Directions →
Reproduce word for word the line holding "Parafusadeira Furadeira 48V" and all lines after it in the data, through the end, leaving out pictures.

[[ Data extracts open ]]

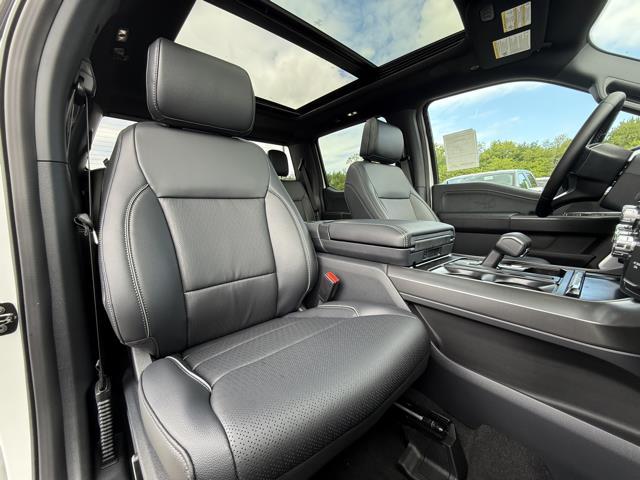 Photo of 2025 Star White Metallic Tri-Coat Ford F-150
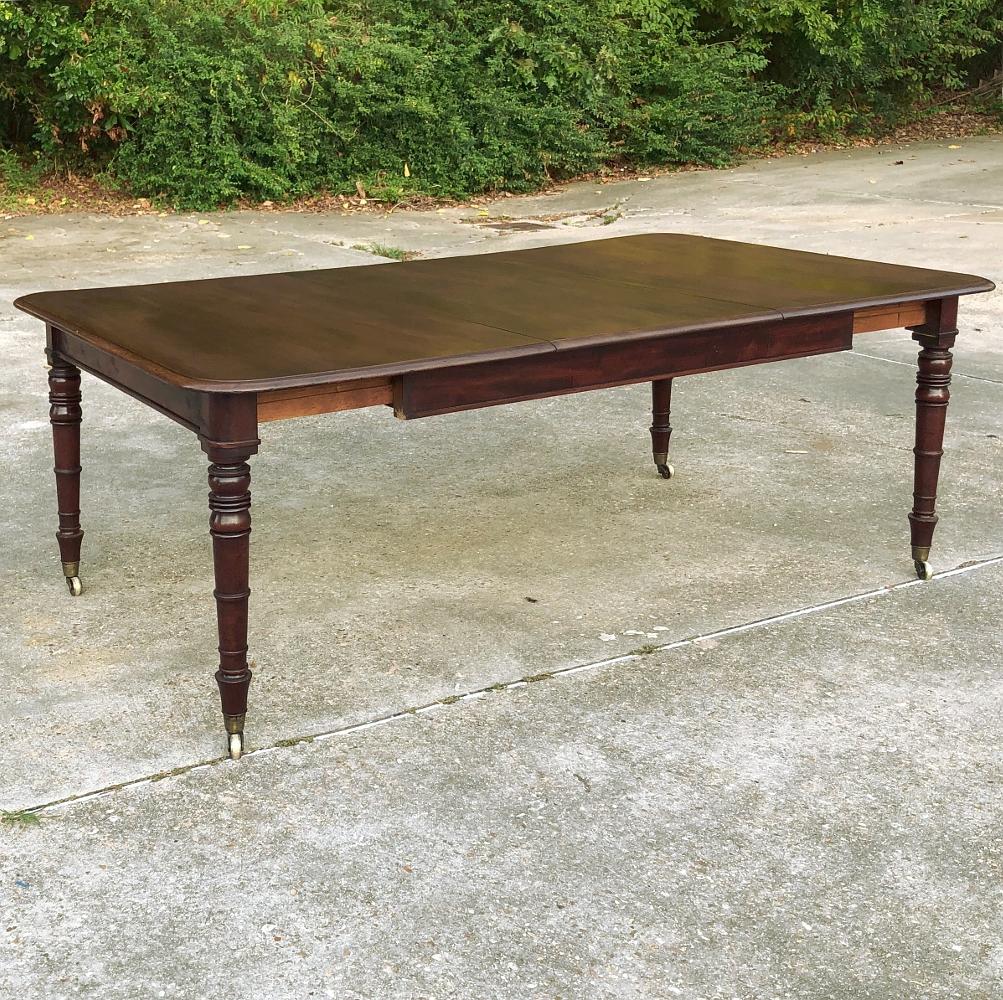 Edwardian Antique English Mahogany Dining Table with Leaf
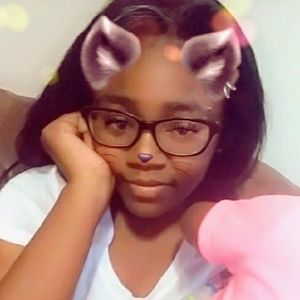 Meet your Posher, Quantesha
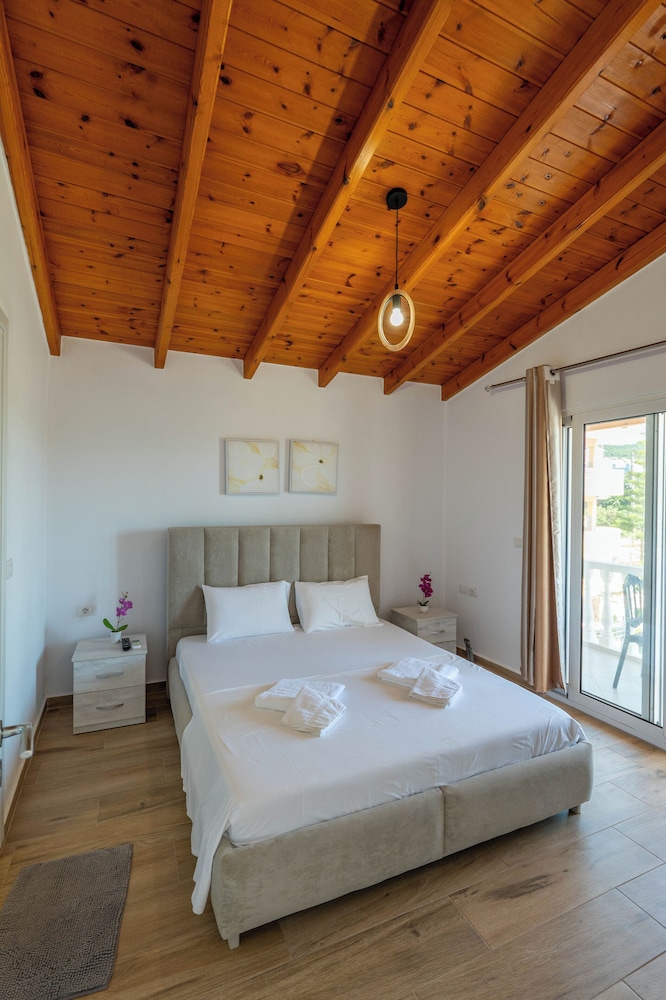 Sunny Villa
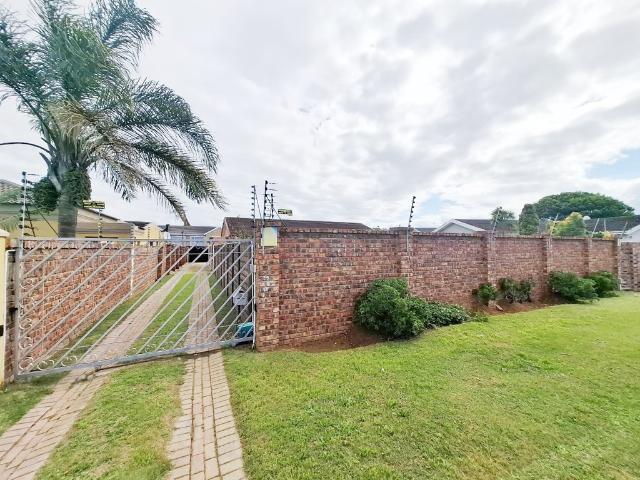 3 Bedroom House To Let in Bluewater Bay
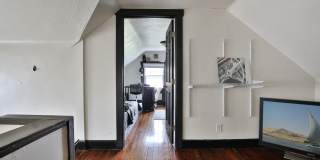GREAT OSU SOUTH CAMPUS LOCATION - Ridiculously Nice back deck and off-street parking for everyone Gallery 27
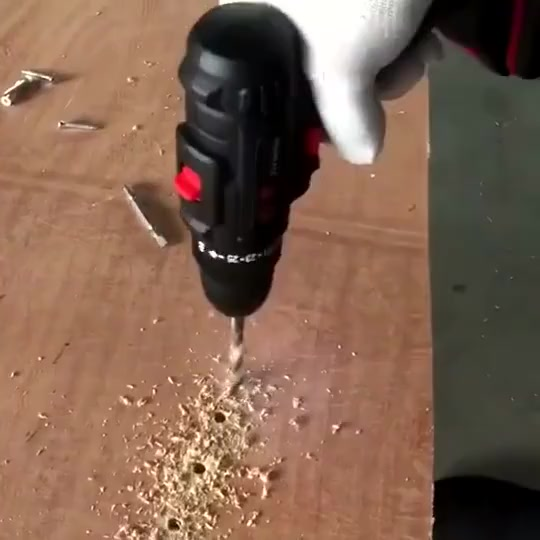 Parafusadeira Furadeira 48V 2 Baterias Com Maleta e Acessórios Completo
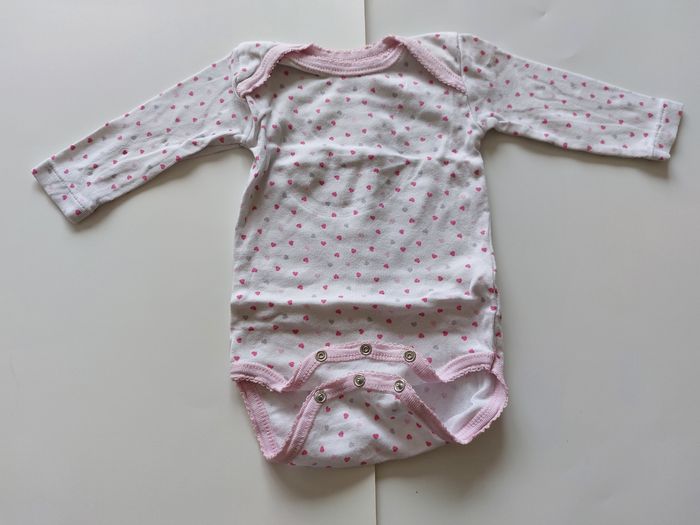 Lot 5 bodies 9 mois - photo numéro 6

[[ Data extracts closed ]]

Output below →
 Parafusadeira Furadeira 48V 2 Baterias Com Maleta e Acessórios Completo
 Lot 5 bodies 9 mois - photo numéro 6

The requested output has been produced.